ABSOLUTE_MAGNITUDE =

0.28

ORBITAL_PERIOD =

27.504339

Constants inherited from SolarSystemBody

SolarSystemBody::EARTH, SolarSystemBody::EARTH_MOON_BARYCENTER, SolarSystemBody::JUPITER_BARYCENTER, SolarSystemBody::MARS_BARYCENTER, SolarSystemBody::MERCURY, SolarSystemBody::MERCURY_BARYCENTER, SolarSystemBody::MOON, SolarSystemBody::NEPTUNE_BARYCENTER, SolarSystemBody::SATURN_BARYCENTER, SolarSystemBody::SOLAR_SYSTEM_BARYCENTER, SolarSystemBody::SUN, SolarSystemBody::URANUS_BARYCENTER, SolarSystemBody::VENUS, SolarSystemBody::VENUS_BARYCENTER

Instance Attribute Summary

Attributes inherited from SolarSystemBody

#ephem, #instant, #orientation

Class Method Summary

• .absolute_magnitude ⇒ Float

  Absolute magnitude.

• .apoapsis_events(ephem:, start_time:, end_time:, samples_per_period: 60) ⇒ Array<Astronoby::ExtremumEvent>

  Finds all apoapsis events between two times.

• .eclipse_events(ephem:, start_time:, end_time:) ⇒ Array<Astronoby::LunarEclipse>

  Finds all lunar eclipses whose greatest instant falls between two times.

• .ephemeris_segments(ephem_source) ⇒ Array<Array>

  Ephemeris segment identifiers.

• .monthly_phase_events(year:, month:) ⇒ Array<Astronoby::MoonPhase>

  Moon phases for the requested year.

• .periapsis_events(ephem:, start_time:, end_time:, samples_per_period: 60) ⇒ Array<Astronoby::ExtremumEvent>

  Finds all periapsis events between two times.

Instance Method Summary

• #bright_limb_position_angle ⇒ Astronoby::Angle^?

  Position angle of the Moon’s bright limb: the position angle of the midpoint of the illuminated limb, measured eastward from the north point of the disk.

• #current_phase_fraction ⇒ Float

  Phase fraction, from 0 to 1.

• #libration ⇒ Astronoby::Libration

  Total geocentric libration of the Moon, in longitude and latitude.

• #parallactic_angle(observer:) ⇒ Astronoby::Angle

  Parallactic angle of the Moon for a given observer: the angle at the Moon between the direction of the north celestial pole and the direction of the observer’s zenith.

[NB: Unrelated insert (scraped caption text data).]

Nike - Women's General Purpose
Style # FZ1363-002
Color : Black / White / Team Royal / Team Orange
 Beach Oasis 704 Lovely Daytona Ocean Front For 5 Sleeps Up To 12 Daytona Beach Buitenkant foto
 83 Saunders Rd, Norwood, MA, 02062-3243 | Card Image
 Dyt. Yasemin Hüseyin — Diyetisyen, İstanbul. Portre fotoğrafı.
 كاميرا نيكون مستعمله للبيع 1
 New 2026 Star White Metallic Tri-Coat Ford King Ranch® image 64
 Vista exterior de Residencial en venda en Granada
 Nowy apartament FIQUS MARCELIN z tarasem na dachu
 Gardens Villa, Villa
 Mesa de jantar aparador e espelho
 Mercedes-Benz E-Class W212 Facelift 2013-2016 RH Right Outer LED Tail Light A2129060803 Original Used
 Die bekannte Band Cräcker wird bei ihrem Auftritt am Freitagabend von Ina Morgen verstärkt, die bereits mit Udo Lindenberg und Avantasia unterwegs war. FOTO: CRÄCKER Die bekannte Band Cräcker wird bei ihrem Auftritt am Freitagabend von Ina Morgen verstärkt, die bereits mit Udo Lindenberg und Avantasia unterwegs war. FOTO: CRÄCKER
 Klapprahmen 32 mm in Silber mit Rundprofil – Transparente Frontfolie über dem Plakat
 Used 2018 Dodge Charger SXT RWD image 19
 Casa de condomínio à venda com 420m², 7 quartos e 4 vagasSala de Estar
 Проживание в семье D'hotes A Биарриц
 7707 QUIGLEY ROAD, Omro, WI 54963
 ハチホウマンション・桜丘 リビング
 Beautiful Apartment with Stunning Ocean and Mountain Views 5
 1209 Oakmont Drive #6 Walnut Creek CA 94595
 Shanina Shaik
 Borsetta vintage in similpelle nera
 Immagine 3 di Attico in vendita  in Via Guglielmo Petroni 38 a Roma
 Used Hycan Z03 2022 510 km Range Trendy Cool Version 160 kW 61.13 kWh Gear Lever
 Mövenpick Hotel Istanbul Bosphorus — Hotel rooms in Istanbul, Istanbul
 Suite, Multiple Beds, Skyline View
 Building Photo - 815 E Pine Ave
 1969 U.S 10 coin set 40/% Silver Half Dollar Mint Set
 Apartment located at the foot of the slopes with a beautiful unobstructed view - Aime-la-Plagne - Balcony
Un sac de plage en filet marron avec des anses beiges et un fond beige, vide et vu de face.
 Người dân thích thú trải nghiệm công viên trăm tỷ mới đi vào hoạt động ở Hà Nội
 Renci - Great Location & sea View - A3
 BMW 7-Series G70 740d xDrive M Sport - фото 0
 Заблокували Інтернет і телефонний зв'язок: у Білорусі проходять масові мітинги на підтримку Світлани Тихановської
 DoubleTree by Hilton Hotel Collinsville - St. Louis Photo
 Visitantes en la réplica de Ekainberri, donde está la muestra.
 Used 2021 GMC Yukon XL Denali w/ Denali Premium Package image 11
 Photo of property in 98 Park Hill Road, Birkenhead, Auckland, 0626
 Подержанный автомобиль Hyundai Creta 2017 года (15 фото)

• #position_angle_of_axis ⇒ Astronoby::Angle

  Position angle of the Moon’s axis of rotation, measured eastward from the north point of the disk.

Methods inherited from SolarSystemBody

#angular_diameter, #apparent, #apparent_magnitude, #approaching_primary?, #astrometric, at, #body, compute_geometric, conjunction_events, #constellation, #earth_geometric, #eastern?, #elongation, geometric, #geometric, greatest_elongation_events, #illuminated_fraction, inferior_planet?, #initialize, #mean_of_date, opposition_events, #phase_angle, planet?, #receding_from_primary?, rise_transit_set_events, superior_planet?, #western?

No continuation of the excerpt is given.